Differentially Private Spectral Graph Clustering: Balancing Privacy, Accuracy, and Efficiency

arXiv:2510.07136v2 Announce Type: replace-cross Abstract: We study spectral graph clustering under edge differential privacy. We propose a matrix shuffling mechanism that combines randomized edge flipping with a random permutation of the adjacency matrix. While edge flipping alone provides only a constant $\varepsilon$ guarantee as the graph grows, shuffling amplifies privacy so that the effective $\varepsilon$ tends to zero with the number of nodes. We develop a unified error analysis framework -- based on Davis--Kahan perturbation theory and a classification-margin bound -- that gives explicit misclassification rates for all the mechanisms considered as a function of the privacy budget, eigengap, and number of communities.
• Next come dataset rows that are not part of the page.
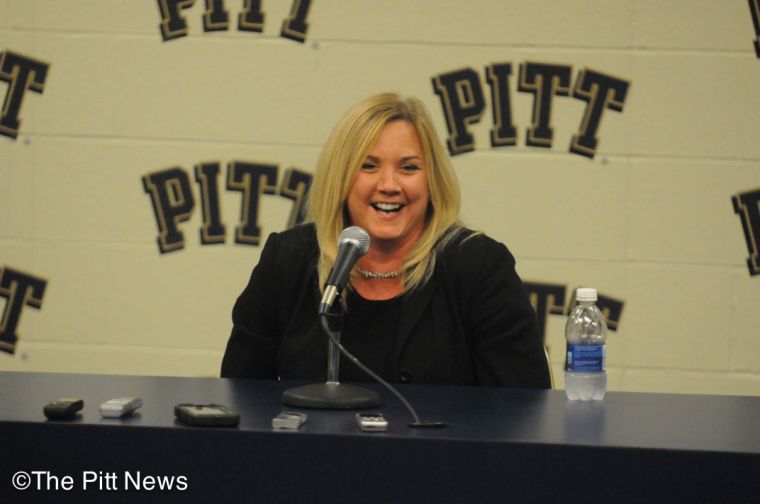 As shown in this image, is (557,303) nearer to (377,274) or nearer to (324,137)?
(324,137)

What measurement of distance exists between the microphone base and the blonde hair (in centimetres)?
62

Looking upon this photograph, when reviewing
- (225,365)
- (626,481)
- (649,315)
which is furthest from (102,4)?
(626,481)

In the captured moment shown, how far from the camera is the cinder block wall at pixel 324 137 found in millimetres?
3273

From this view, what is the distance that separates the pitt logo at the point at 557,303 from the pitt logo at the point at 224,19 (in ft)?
3.53

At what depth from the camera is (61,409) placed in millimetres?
1438

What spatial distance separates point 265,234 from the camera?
3436mm

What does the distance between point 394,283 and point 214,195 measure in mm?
1272

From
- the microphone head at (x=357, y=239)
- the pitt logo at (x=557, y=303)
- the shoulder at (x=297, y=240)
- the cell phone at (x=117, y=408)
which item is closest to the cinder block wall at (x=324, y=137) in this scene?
the pitt logo at (x=557, y=303)

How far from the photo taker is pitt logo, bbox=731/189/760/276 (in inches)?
128

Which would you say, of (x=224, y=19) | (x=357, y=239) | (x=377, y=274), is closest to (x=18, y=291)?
(x=224, y=19)

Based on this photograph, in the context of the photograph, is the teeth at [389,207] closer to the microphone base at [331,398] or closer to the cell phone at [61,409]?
the microphone base at [331,398]

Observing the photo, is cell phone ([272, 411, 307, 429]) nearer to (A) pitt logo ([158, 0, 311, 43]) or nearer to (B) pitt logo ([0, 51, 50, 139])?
(A) pitt logo ([158, 0, 311, 43])

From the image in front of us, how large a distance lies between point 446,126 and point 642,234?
0.69m

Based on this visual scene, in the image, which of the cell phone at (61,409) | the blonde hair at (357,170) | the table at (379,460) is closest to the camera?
the table at (379,460) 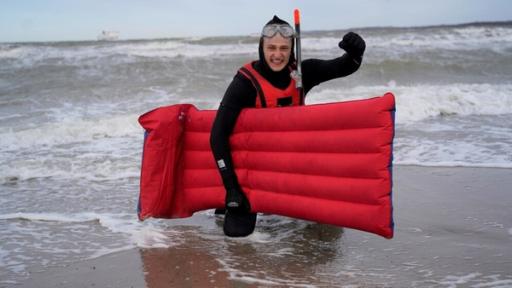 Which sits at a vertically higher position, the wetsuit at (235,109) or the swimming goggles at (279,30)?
the swimming goggles at (279,30)

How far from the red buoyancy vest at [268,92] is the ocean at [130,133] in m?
0.93

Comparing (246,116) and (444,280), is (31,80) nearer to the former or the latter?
(246,116)

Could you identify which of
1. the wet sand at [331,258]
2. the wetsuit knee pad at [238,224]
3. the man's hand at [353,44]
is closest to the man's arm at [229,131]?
the wetsuit knee pad at [238,224]

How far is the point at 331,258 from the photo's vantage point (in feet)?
10.5

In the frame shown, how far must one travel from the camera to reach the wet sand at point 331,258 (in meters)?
2.88

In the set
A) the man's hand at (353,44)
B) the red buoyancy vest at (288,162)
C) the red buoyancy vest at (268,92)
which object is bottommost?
the red buoyancy vest at (288,162)

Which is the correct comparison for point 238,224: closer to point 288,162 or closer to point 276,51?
point 288,162

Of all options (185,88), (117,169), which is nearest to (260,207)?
(117,169)

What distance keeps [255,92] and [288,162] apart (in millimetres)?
566

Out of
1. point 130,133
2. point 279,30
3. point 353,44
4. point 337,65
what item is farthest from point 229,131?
point 130,133

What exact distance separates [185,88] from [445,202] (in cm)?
937

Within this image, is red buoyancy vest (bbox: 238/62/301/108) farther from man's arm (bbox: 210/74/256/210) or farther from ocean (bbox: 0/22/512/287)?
ocean (bbox: 0/22/512/287)

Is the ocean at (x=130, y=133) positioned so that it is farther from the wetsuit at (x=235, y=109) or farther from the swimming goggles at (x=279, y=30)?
the swimming goggles at (x=279, y=30)

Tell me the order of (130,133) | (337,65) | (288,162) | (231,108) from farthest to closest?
(130,133), (337,65), (231,108), (288,162) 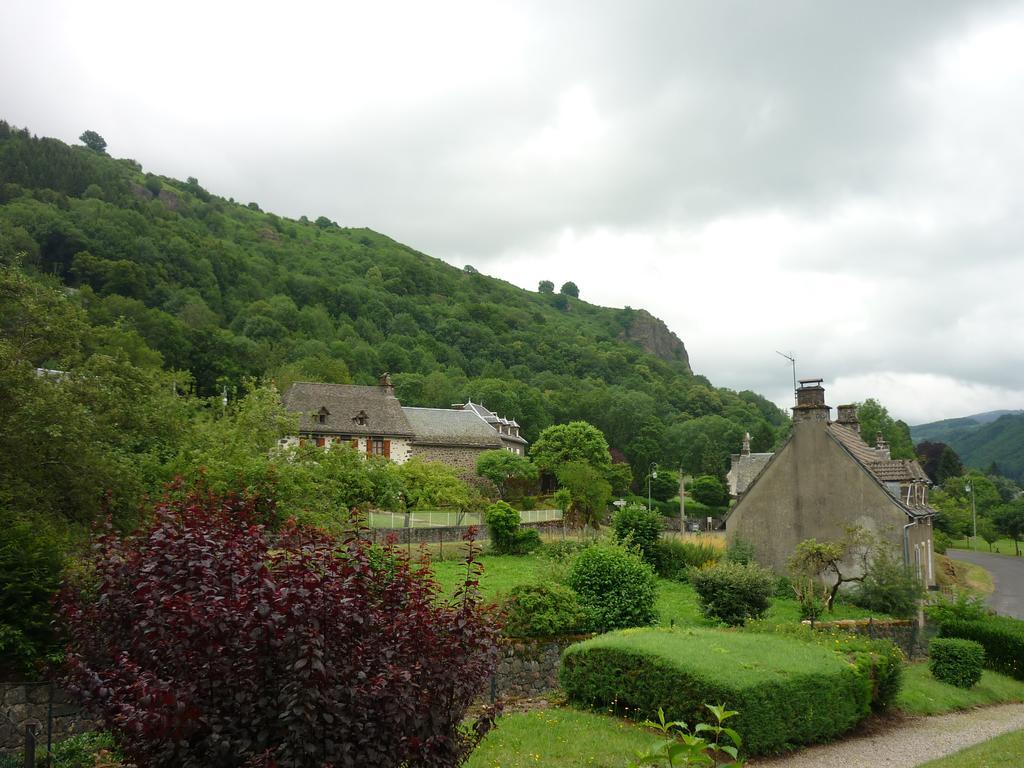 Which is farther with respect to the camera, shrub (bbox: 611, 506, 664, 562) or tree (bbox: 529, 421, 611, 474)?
tree (bbox: 529, 421, 611, 474)

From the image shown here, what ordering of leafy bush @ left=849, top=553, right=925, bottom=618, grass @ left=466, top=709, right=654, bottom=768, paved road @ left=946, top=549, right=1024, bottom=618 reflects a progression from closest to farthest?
grass @ left=466, top=709, right=654, bottom=768 → leafy bush @ left=849, top=553, right=925, bottom=618 → paved road @ left=946, top=549, right=1024, bottom=618

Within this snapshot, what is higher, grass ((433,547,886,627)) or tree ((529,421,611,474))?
tree ((529,421,611,474))

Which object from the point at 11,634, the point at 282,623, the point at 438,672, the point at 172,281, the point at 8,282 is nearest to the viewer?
the point at 282,623

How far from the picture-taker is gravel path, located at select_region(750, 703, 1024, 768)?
12406 mm

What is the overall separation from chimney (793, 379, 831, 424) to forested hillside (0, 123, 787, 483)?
37702 mm

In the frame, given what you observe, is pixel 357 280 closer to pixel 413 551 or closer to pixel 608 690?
pixel 413 551

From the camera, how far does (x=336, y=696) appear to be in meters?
6.06

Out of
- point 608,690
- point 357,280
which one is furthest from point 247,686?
point 357,280

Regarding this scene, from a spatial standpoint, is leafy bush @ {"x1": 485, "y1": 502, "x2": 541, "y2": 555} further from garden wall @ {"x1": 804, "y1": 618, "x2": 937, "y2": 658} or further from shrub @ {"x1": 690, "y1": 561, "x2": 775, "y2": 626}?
garden wall @ {"x1": 804, "y1": 618, "x2": 937, "y2": 658}

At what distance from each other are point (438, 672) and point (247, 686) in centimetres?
166

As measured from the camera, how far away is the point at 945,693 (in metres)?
18.0

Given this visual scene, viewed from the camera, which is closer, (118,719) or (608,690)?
(118,719)

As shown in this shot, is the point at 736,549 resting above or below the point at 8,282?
below

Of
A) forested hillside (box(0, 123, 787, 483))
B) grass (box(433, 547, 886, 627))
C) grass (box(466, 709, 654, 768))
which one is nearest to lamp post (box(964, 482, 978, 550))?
forested hillside (box(0, 123, 787, 483)) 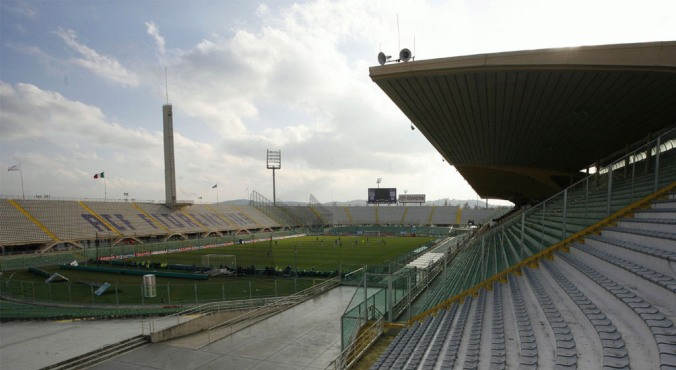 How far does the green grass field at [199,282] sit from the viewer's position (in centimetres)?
1914

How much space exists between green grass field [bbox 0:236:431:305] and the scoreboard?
42689 millimetres

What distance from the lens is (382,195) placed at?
283 feet

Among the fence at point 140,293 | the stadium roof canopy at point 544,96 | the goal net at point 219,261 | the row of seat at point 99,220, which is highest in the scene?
the stadium roof canopy at point 544,96

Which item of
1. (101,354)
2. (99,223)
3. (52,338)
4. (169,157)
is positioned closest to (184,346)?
(101,354)

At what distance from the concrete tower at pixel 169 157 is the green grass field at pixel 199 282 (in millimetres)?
21290

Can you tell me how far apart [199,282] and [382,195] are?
65929 millimetres

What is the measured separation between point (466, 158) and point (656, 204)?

Applying this framework, we show that the matrix shuffling mechanism achieves an error rate scaling of $\tilde{O}(1/n)$, a clear improvement over two canonical DP baselines from the private PCA literature: the Gaussian mechanism applied directly to the adjacency matrix (Analyze Gauss) and the noisy power method, both of which scale as $\tilde{O}(1)$ in $n$. We further propose a private spectral gap detection algorithm for estimating the number of communities. Experiments on synthetic and real-world networks validate our theoretical findings.